5 Validation

To validate our claims that both vectors create samples that match the truncated triangular distribution, a few hypothesis tests are in order.

First, we validate that the sample variance and the distribution variance match; second, we evaluate whether their mean statistics match. If both these tests are passed, we perform a goodness of fit test. Specifically, a Kolmogorov-Smirnof test or a Chi-Square test.

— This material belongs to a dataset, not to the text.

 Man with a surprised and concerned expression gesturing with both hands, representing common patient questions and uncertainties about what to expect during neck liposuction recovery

These tests rely on a significance level (\(\alpha\)) which we have appropriately picked to be 0.1. The grater the significance level, the more certain you are that your results are not a product of chance and the true behavior of your random variable.

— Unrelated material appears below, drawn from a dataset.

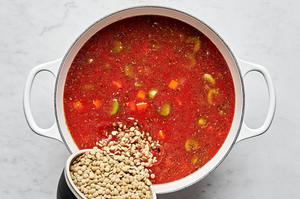 green lentils being added to a pot with spices, crushed tomatoes, broth, ground beef and veggies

Usually when using the more common procedures for testing hypothesis, our data needs to meet a few criteria.

5.1 Hypothesis test for Variance

Specifically, when testing for variance equivalence using a Chi-Square (\(\chi^{2}\)) test, we should validate that the sample variance follows a \(\chi^{2}\) distribution.

This usually isn’t the case but to the detriment that we introduce some uncertainty, the condition can be assumed if the distribution of the data roughly ressembles a normal distribution and the sample size is big enough (our sample size is 10000, no need to worry there).

If we didn’t know that our data follows a triangular distribution this could be a fairly save assumption, but because that really isn’t the case, more advanced techniques like bootstraping should be used while performing this test. Such is left as an excercise to the reader.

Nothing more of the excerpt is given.